A tinkering developer, comfortable with writing and maintaining code, will thrive in such an environment. For someone who wants to do a bit of spreadsheets or word processing, it might be a threshold too high for comfort.

Simple Complexity

On the other end of the spectrum, we find something like Windows. It's not that Windows is impossible to customize, but it's clearly not one of the core aspects of its intended end user experience. Instead, Microsoft's focus is on providing a set of catch-all defaults acceptable to most casual users. Thus, Windows is a complete system from the start, offering a wide variety of beginner friendly programs and a workflow based around a traditional desktop metaphor.

This philosophy has now been taken to extremes. Over time, many options for customization have been removed and others hidden. Advanced automation is absolutely possible, but it's accessible only through tools and features most end users will probably never see: they're not part of the regular workflow, as opposed to rc and plumbing in Plan 9. Programs are, by and large, not expected to shuffle data around between small tools. Instead they behave like islands, offering exhaustive feature sets rather than modularity.
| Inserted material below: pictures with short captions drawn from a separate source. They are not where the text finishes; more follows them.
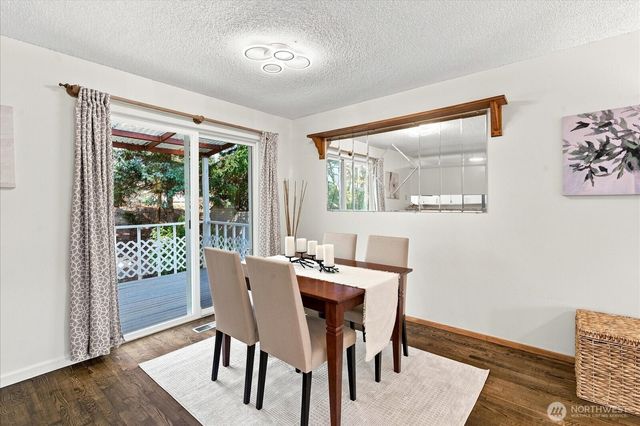 30209 21st Avenue S, Federal Way, WA 98003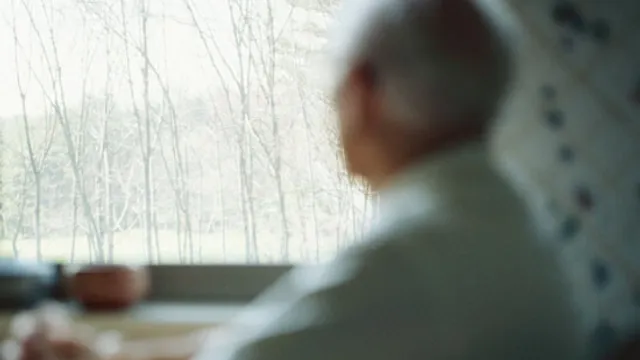 Ouder iemand, bejaarde op de rug gezien. Soft focus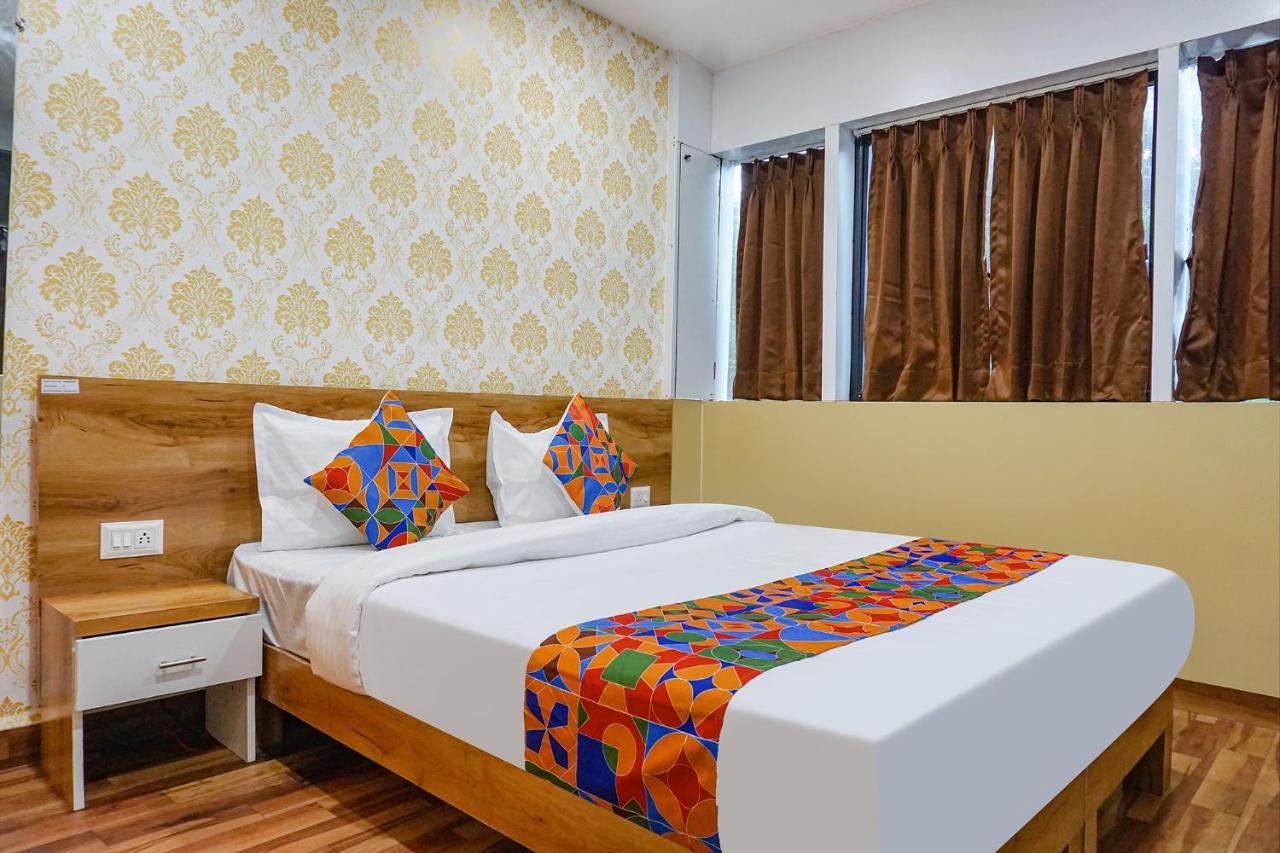 Fabhotel Tan Square - Nr Eon It Park Pune Eksteriør bilde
This isn't necessarily wrong. When treating a computer as a business appliance, few want to be bogged down by curious command line incantations or having to learn programming. Thus, the user is secluded from the internal workings of the system and dissuaded from exploring and exploiting them to suit their needs. This is simple complexity - a highly advanced system hiding behind a facade of shiny icons and animated windows.

The worst of both worlds

There are good and bad aspects of both philosophies. Doing one thing well is easy enough on a system mostly used for experimenting with programming. It's a bit harder to pinpoint what "one thing" means when it comes to desktop publishing, video editing and modern web browsing. That's alright, though: Plan 9 is neither designed nor required for the type of day to day computing most people do.

Windows, on the other hand, is - but it's also rather stifling in its inflexible conformity. Those of us who want a little bit of both are constantly hunting for a middle ground. Most, like me, probably end up with Linux.
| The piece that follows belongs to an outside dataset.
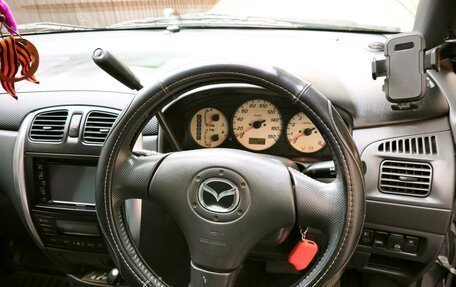 Mazda Premacy III, 2003 год, 580 000 рублей, 12 фотография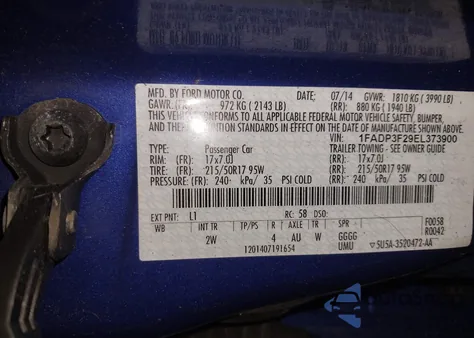 2014 Ford Focus Se z USA, uszkodzony, nr VIN 1FADP3F29EL373900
Sadly, Linux (like macOS) is flawed in both aspects. The Unix userland is there, in all its tinker-friendly glory. That's fine, as long as you keep to the command line - but it stops there. A bit of fun can be had with programs like xclip, but it's a far cry from, say, Firefox exposing loaded pages to the file system or being able to perform an arbitrary action based on a text selection anywhere, in any program. While you can set up something approximating plumbing, it's not an integrated part of the core system.

Glen and Glenda

Thanks to better driver support and the prevalence of web apps, Linux can now do most things that previously required Windows. At the same time, it lacks the natural fluency of an all-Microsoft system, making the whole experience feel a bit off.
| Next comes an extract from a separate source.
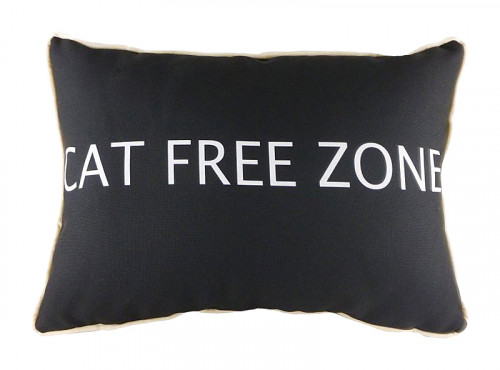 подушка с надписью cat free zone в Махачкале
It's not that I dislike Linux. I use it every day, and what it does offer makes it infinitely more endurable to me than recent versions of Windows. I just think it would be nice if there was a system that offered the software support and GUI fluency of Windows, while enforcing strict rules to keep everything that's clever, tinker-friendly and powerful in Plan 9.

In short, I want a system with simply complex applications interfacing with a complexly simple user environment - sort of what ARexx was well on its way to accomplishing on the Amiga.

I think this is one cake we should be able to both have and eat.